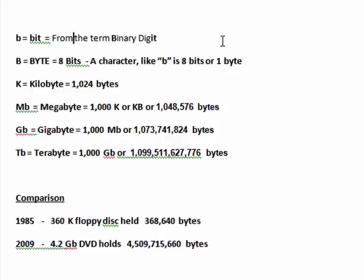In 2009, the average storage device is a 4.2 gigabyte DVD, which holds 4,509,715,660 bytes.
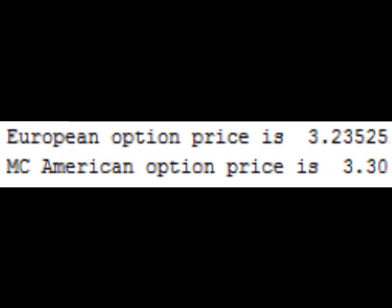We implemented the least squares method of Longstaff and Schwartz in Python and priced the option presented in the previous post. The main input parameters are shown on our website. The picture on our website shows the results obtained by using the Python program. Go to our website to download the Python program.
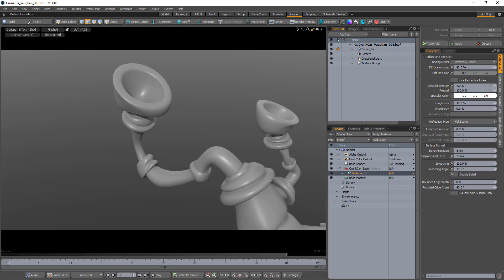William Vaughn here with a quick tip for using a weight map as an input parameter for a gradient in Modo. For this example, I'd like to have the color change along the length of this pipe.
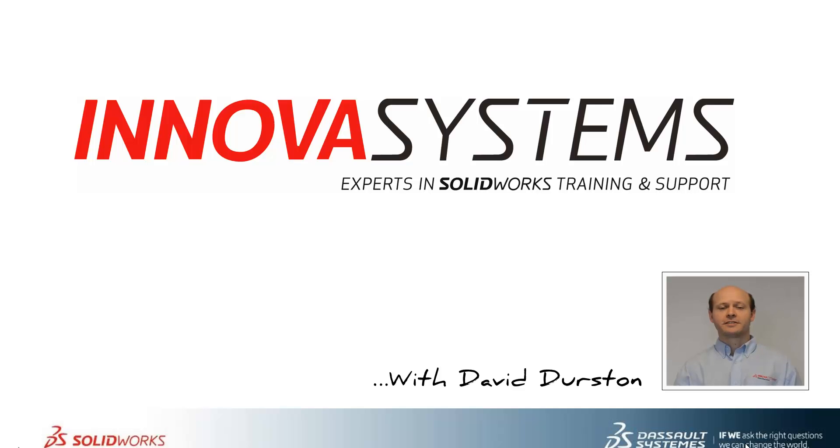Hi, my name is David, and today I'll be taking through this week's question and answer session from us here at Nova Systems.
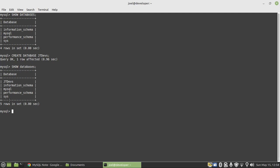I have to specify USE JT Devs. And then another thing — just for best practice, I would suggest that after your database name, you specify DB. So you know that this is the database that I have. It will make more sense to have DB at the end of your database name.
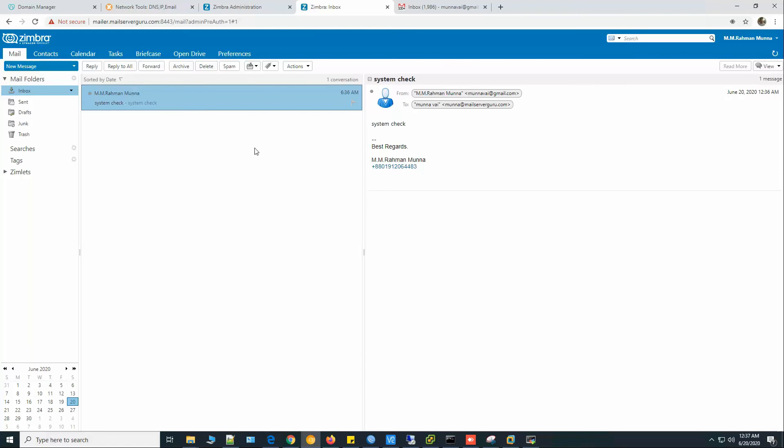So we have successfully installed and configured Zimbra on Oracle Linux 8. So this is it for today. Thank you for being with me. If you still didn't subscribe to my channel, please subscribe. It will encourage me to create more videos for you. So thank you. I'll see you on the next video. Bye.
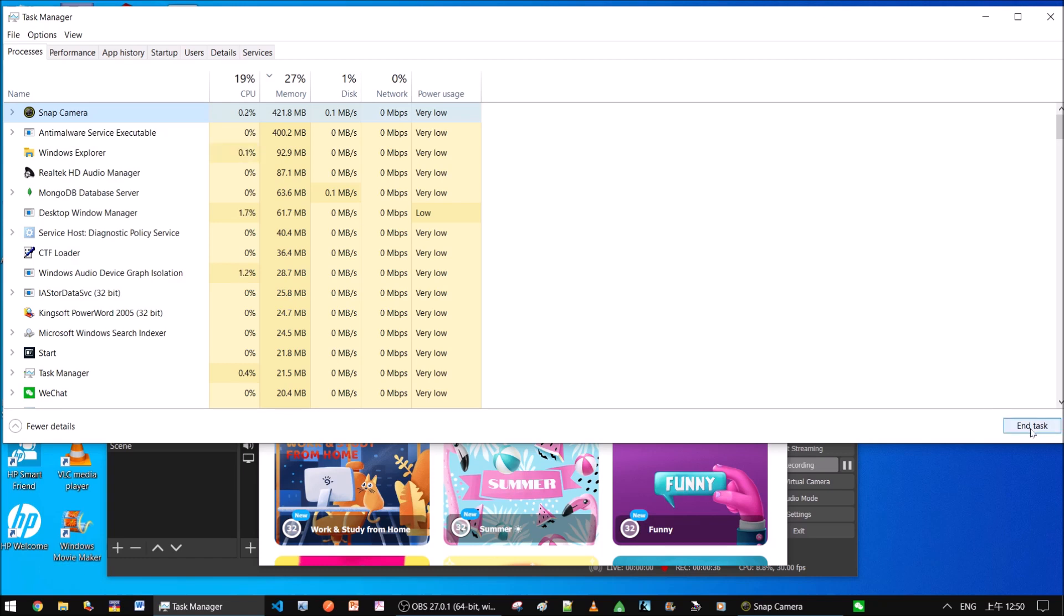At the right bottom of the task manager, end task. You can end task in two ways. Either is okay.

-*-

WHAT YOU SHOULD DO:
Give exactly the lines above that run from the line with "We implemented the" to the line with "I have to specify", both included, leaving every picture out.

WRITTEN REPLY:
We implemented the least squares method of Longstaff and Schwartz in Python and priced the option presented in the previous post. The main input parameters are shown on our website. The picture on our website shows the results obtained by using the Python program. Go to our website to download the Python program.
William Vaughn here with a quick tip for using a weight map as an input parameter for a gradient in Modo. For this example, I'd like to have the color change along the length of this pipe.
Hi, my name is David, and today I'll be taking through this week's question and answer session from us here at Nova Systems.
I have to specify USE JT Devs. And then another thing — just for best practice, I would suggest that after your database name, you specify DB. So you know that this is the database that I have. It will make more sense to have DB at the end of your database name.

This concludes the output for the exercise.